Heat treatment can also increase the hydrophobic properties of wood and the color of the wood can become darker [26, 27]. There are several types of heat treatment methods for wood, namely heat treatment with air (Air Heat Treatment), steam (Thermowood Treatment), and a combination of air and steam (Plato Wood Treatment), and heat treatment using oil [22].

Heat treatment can increase the dimensional stability of wood after being treated compared to wood that has not been treated [28]. Hidayat et al. [23] reported that the color change parameters of Korean pine and paulownia woods, including the lightness (L*) decreased and total color change (ΔE*) increased after air heat-treated at several temperatures for 2 h. Pinus radiata wood that has been heat treated showed significant improvements in dimensional stability and a reduction in Modulus of Rupture (MOR) [29]. Additionally, Boruvka et al. [30] observed an increase in the hardness of several surfaces of European birch wood following heat treatment at temperatures of 165 and 210°C. Suri et al. [24] reported that air heat treatment decreased the density and volume shrinkage of paulownia and Korean white pine woods.

Numerous investigations into the heat treatment of fast-growing wood have been conducted; the findings indicate that this process has an impact on modifications in the dimensional stability of a number of fast-growing woods [23, 28, 31, 32]. When Karlinasari et al. [31] applied heat treatment to the physical characteristics of sengon, jabon, and mangium woods, the wood's color changed and its hardness dropped, which had a noticeable impact. Physical characteristics, such as specific gravity and water absorption, have been shown by Priadi et al. [32] to enhance the dimensional stability of heat-treated Neolamarckia cadamba, Falcataria moluccana, and Acacia mangium woods.
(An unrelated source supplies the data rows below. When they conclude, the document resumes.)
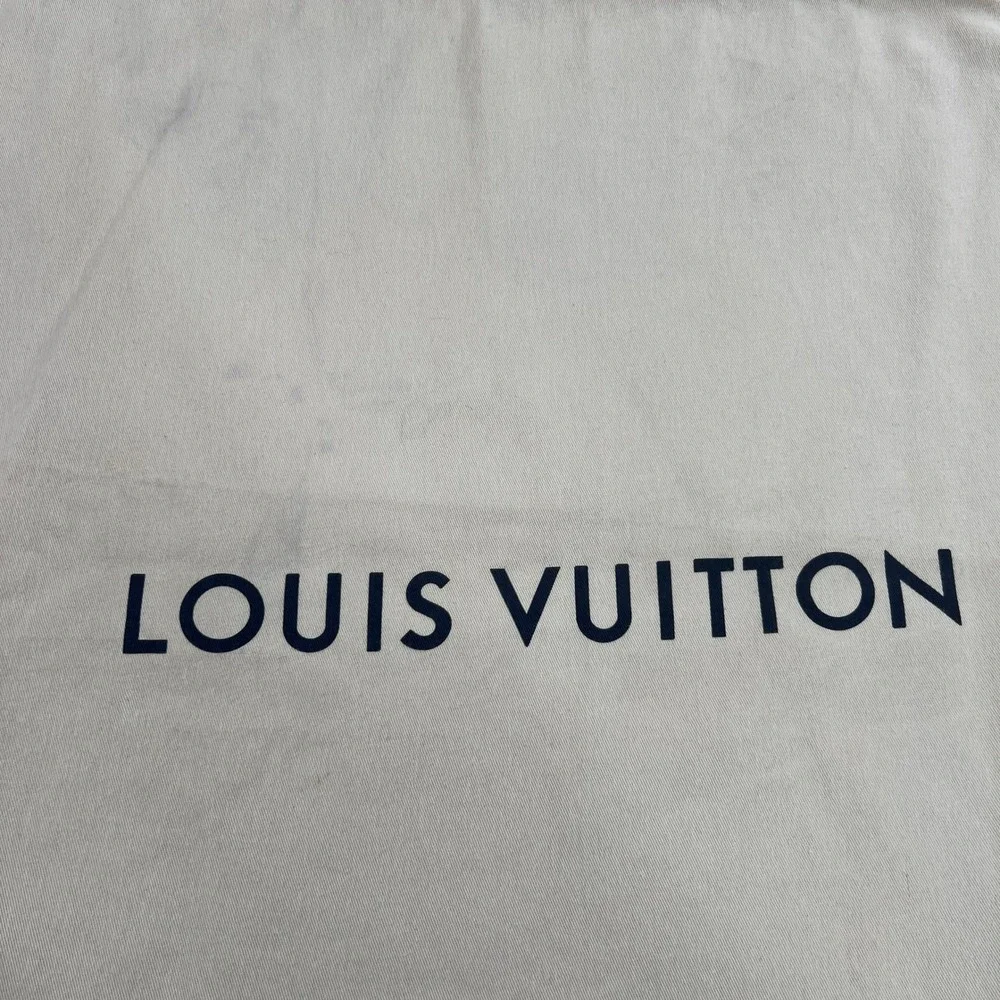 Louis Vuitton Dust Bag Cream Large Cotton Drawstring Purse Handbag 23.5x24in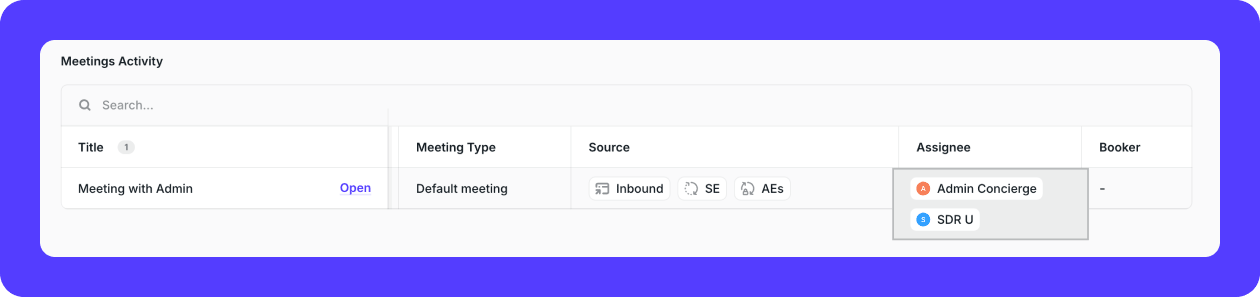 check how the meeting was booked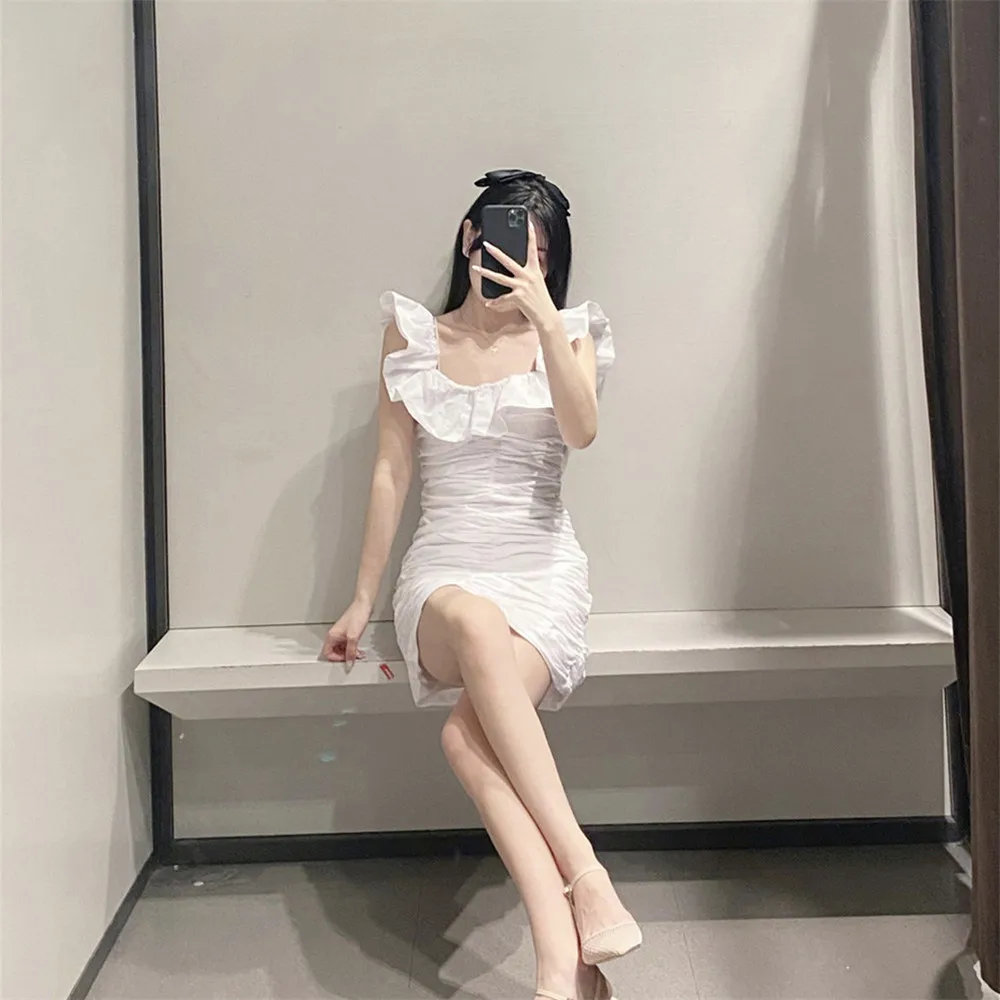

Fashion Za Women 2020 Alifus solid white cotton pleated dress ruffles sleeveless strethy stylish chic female party Vestidos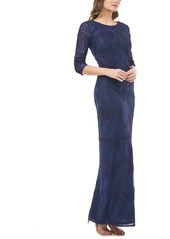 JS Collections Pearl Beaded Soutache Column Gown in Navy at Nordstrom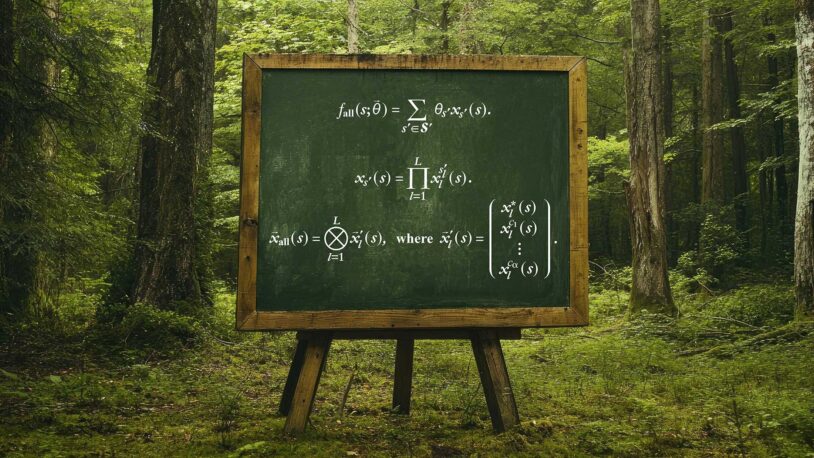 Image of a chalkboard in a forest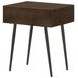 Ezra Dark Coffee Brown And Gunmetal Accent Table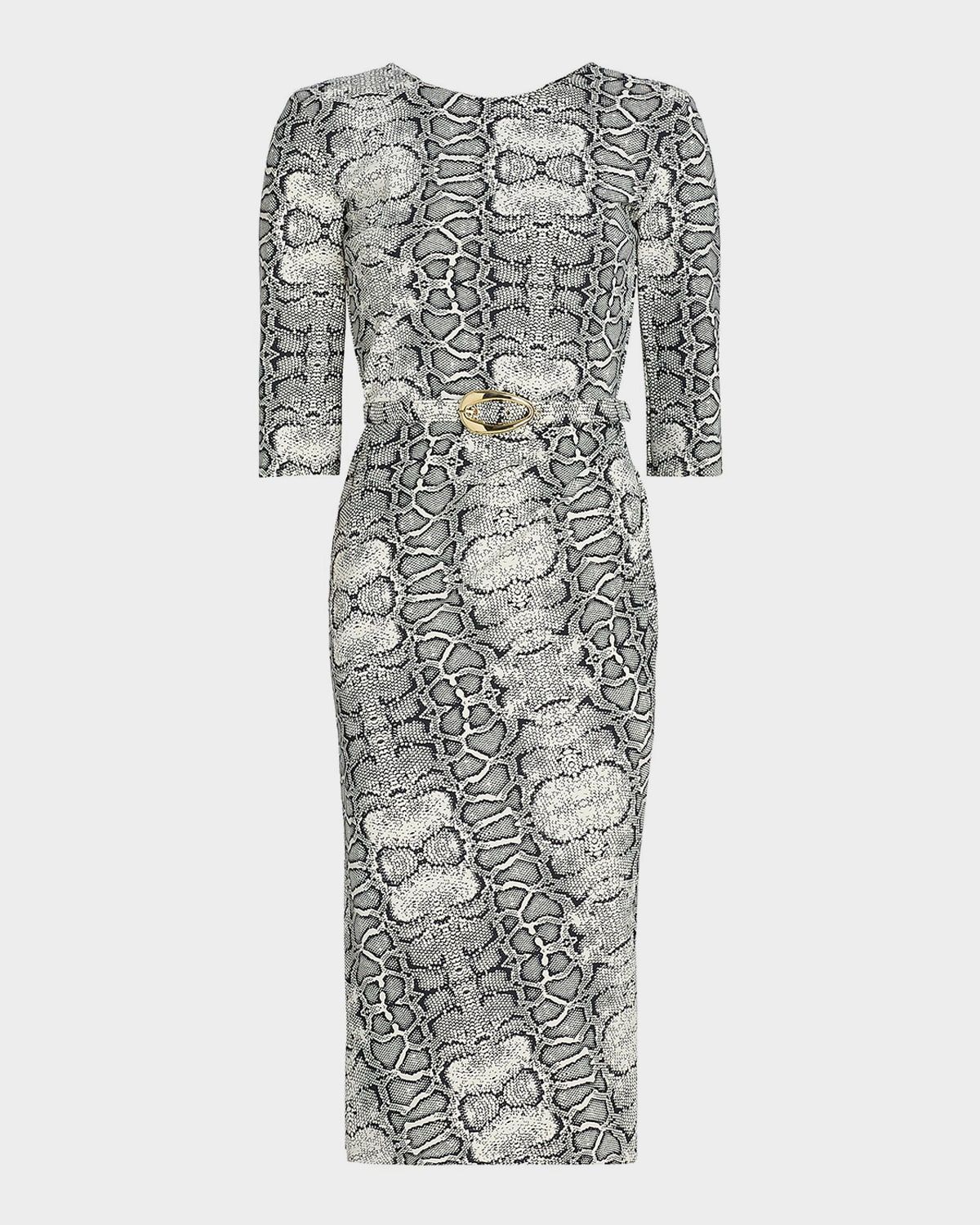 Shire Belted Snakeskin-Print Midi Sheath Dress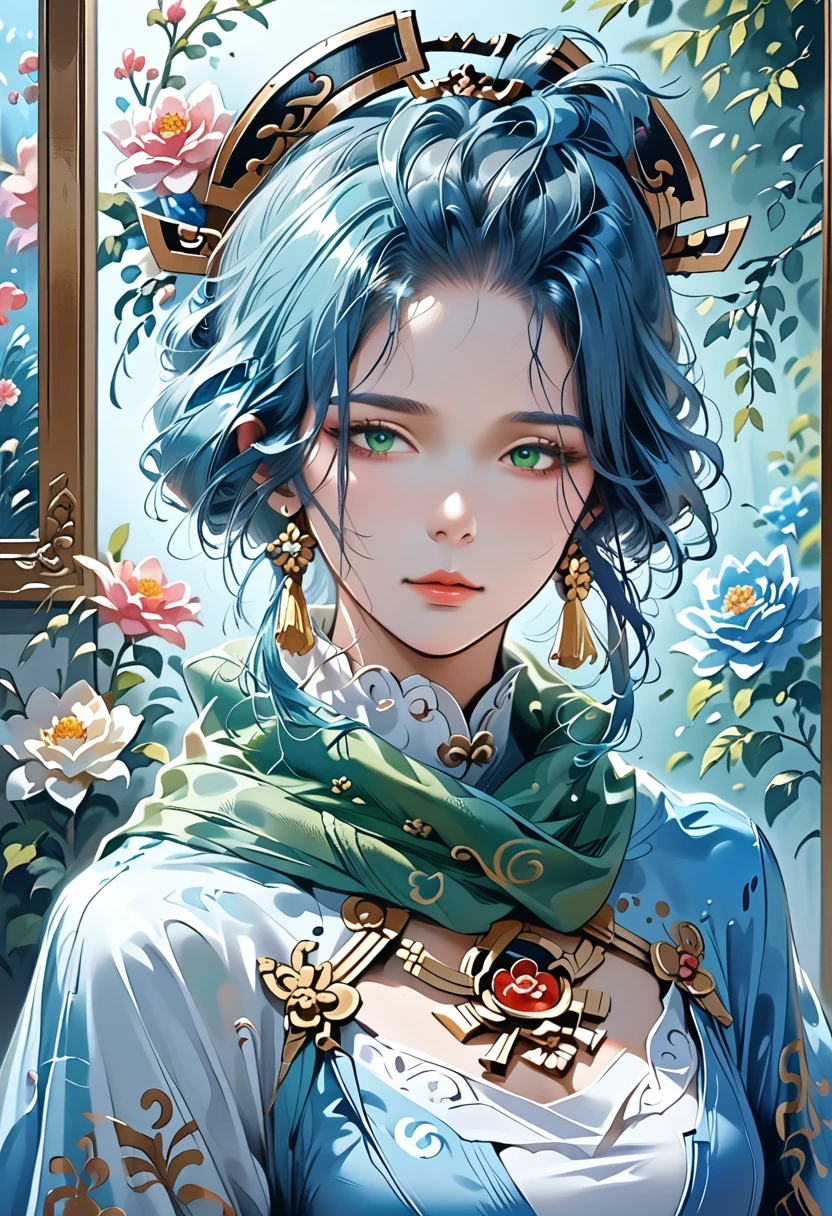 a woman in a blue dress with a long green scarf, beautiful character painting, a beautiful fantasy empress, by Yang J, style of artgerm, artgerm and ruan jia, extremely detailed artgerm, trending artgerm, artgerm. anime illustration, ruan jia and artgerm, inspired by Pu Hua, artgerm detailed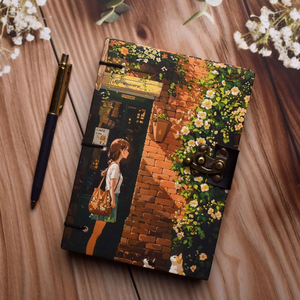 Girl Standing on the Door Wall Printed Cardboard <b>Journal</b> | Hardcover Notebook | 200 White Pages | 7x5 Writing Diary - Product Image 6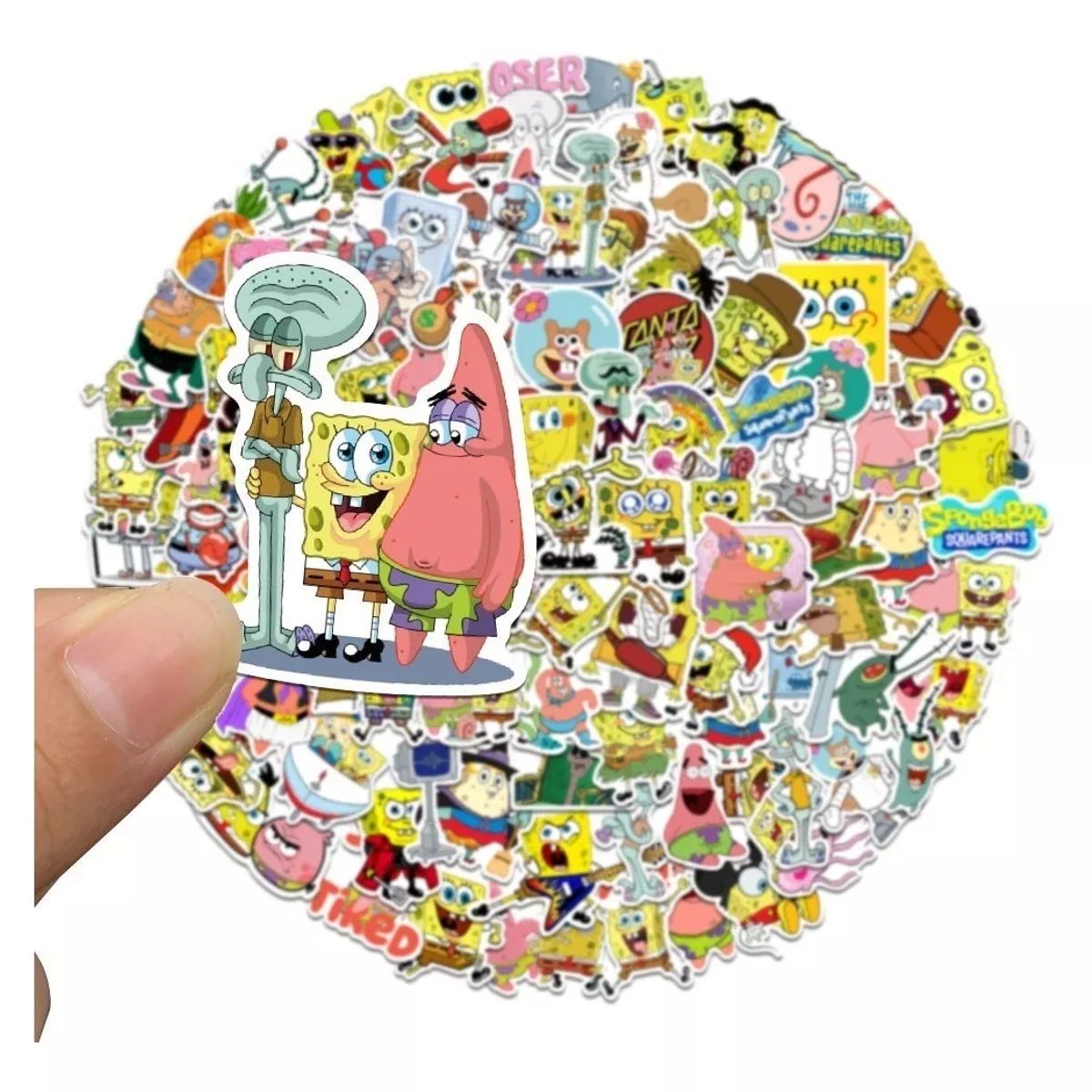 GENERICO - 100 Stickers Bob Esponja - Etiquetas Autoadhesivas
Rubberwood and silver oak woods were also subjected to heat treatment modification by Srivinas and Pandey [33]. They noticed that the heat treatment caused the wood to darken in color, reduced the mechanical qualities of the wood, including bending stiffness, MOR, MOE, and bending strength, and enhanced the dimensional stability of the heat-treated wood.

In order to better understand the impact of heat treatment temperatures of 170, 190, and 210℃ on the mechanical and physical characteristics of Anthocephalus cadamba wood both before and after treatment, this study was designed to supplement earlier research.

2. Materials and Methods

2.1 Materials

Anthocephalus cadamba wood harvested from community woods in Tanjung Bintang, South Lampung Regency, Lampung Province, Indonesia, was aged four to five years. Boards measuring 30 cm (L), 10 cm (W), and 2 cm (T) were cut using a saw. The boards were devoid of knots and had straight grain. After that, the selected boards were left to air dry at 26 ± 5℃ and 60−70% relative humidity (RH) until the moisture content (MC) reached equilibrium.

2.2 Heat treatment

The heat treatment process with air was carried out in an oven (BJPX–Summer, PT. Innotech System, Jakarta, Indonesia) at various temperatures, namely 170, 190, and 210℃, for 4 h at a heating rate of 2℃/min. Upon completion of the heat treatment, the chamber was allowed to cool to room temperature naturally. The wood samples underwent heat treatment, followed by oven drying at 100 ± 5℃. They were then drained at 27.5 ± 3℃ and maintained at 60 ± 5% relative humidity for a week, prior to additional testing.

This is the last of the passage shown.